Heavier and darker than all other Innis & Gunn beers, the stout shares the unique Innis & Gunn quality of smooth, low carbonated, oak-imbued richness. While the stout flavours are somewhat dampered by the oak, they are at the forefront of the beer. The typical Innis & Gunn sweetness is mostly replaced by flavours of roast, malt, and whisky. Some vanilla certainly remains, though.

On both the nose and the palate is mostly the malt, yet the beer retains the lingering smoothness on the palate typical of Innis & Gunn. It is significantly lighter, though creamy and velvetty, than your typical ‘stout’. This results in a nice crisp, inoffensive finish. This might be where my problem with this beer lies: It’s good, no doubt, but, as an oak infused stout, I expected stronger flavours. I expected more whisky, more vanilla, and a more vibrant beer all-around.

Nose: 20
Body: 22
Taste: 20
Finish: 21

Kamran: 83 pts.

*****

As demonstrated by this point, if you haven’t noticed, Innis and Gunn is a long running favourite of ours, and this particular brew is no exception. Similarities in nose carry over with vanilla, chocolate and malt sweetness. Has a similar scent that reminds me of Red Truck Brewing’s Madscow or Crannog Ales’ Backhhand of God… both very well done local craft stouts! The body is a rich black tht fully encompasses mouth like North Coast’s Old Rasputin, more velvety than the creamy sensation of a Guinness. There is a slight bitterness to it as well. The taste was malty, chocolate, vanilla-treacle notes, lightly balanced and not as complex as the 21 Year Highland Cask. The Finish is malty tones, slight hops, yet certainly the sweetness and oak are most prevalent.

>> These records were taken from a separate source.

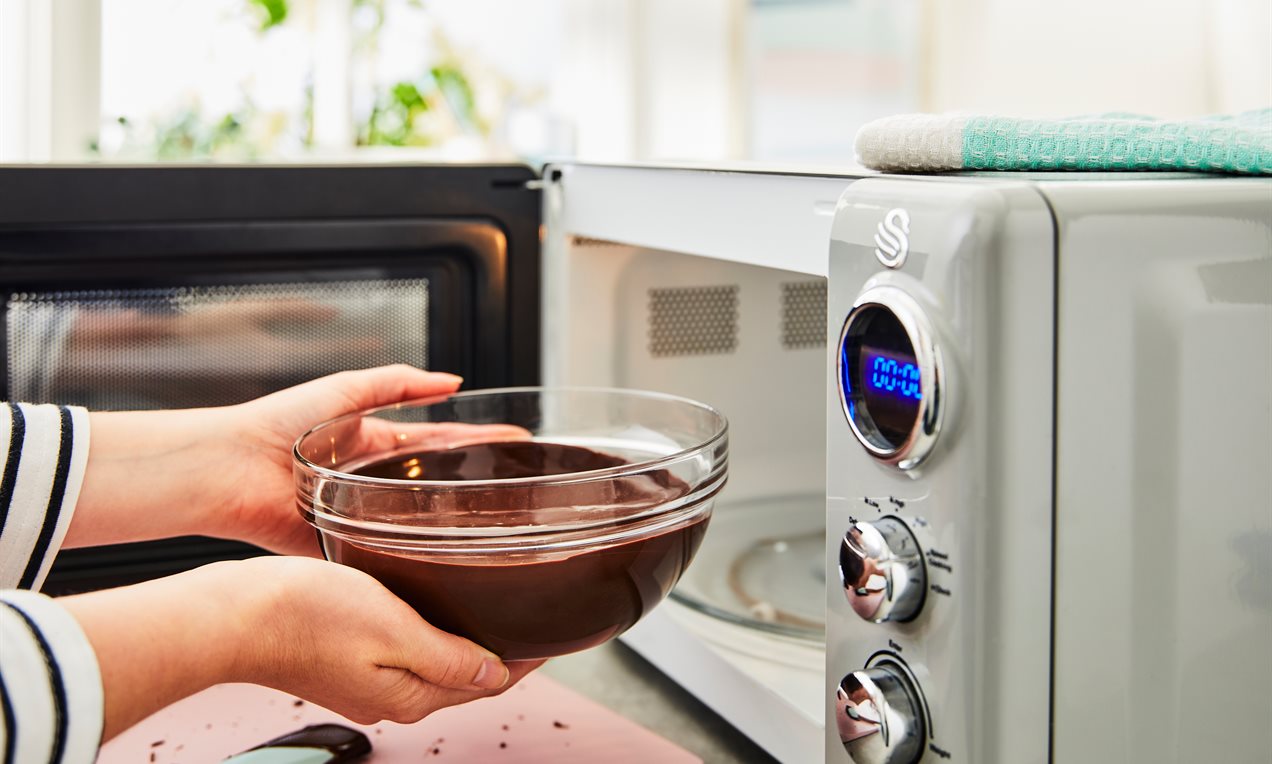 Picture - Removing Bowl of chocolate from Microwave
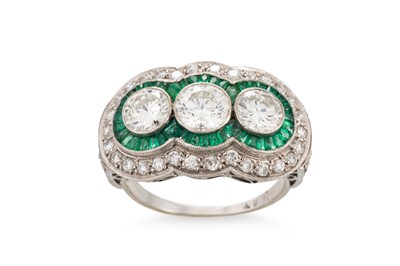 Lot 203 - AN EMERALD AND DIAMOND RING, the triple...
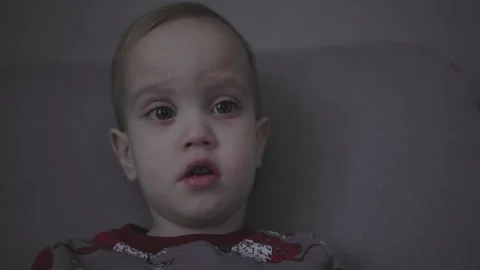 Toddler with high temperature sitting sofa in living room gray pajamas sick baby Stock Footage 242420246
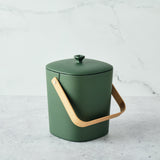 Green Astrik Compost Bin with a wooden handle on a light gray background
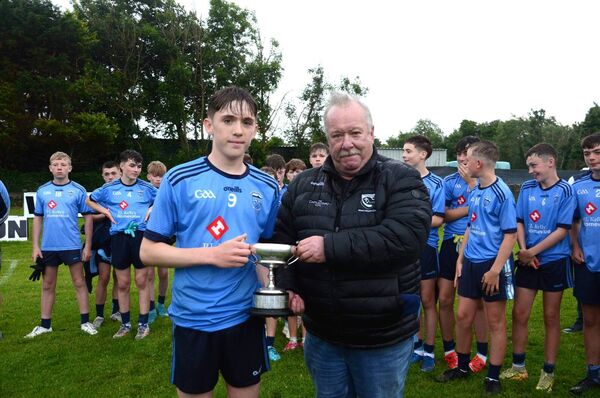 West Mayo GAA treasurer John Gibbons presents Westport captain Paddy Ketterick with the cup (sponsored by the Castlecourt Hotel) following the West Mayo U14 'A' final. 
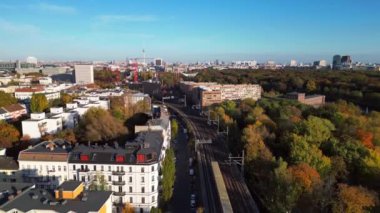 Berlin 'de bir köprüyü geçen trenin manzarası. Etrafı canlı sonbahar yapraklarıyla çevrili. Yukarıdaki İHA 'dan izlenen çekim 
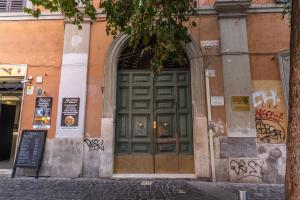 a large green door on a building with graffiti at Locanda San Cosimato in Rome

While not my favourite by the brewery, it is a VERY welcome addition and one i hope they continue with for years to come. Probably if i were to drink this again, i would refrain from using it as a session beer as it is delicate in complexity and it boasts a high level of alcohol at 7.4%, therefore a better night cap or dessert beer.

Nose: 23.5
Body: 22.5
Taste: 23
Finish: 22

Tristan: 91 pts.

*****

Final Average: 87 pts.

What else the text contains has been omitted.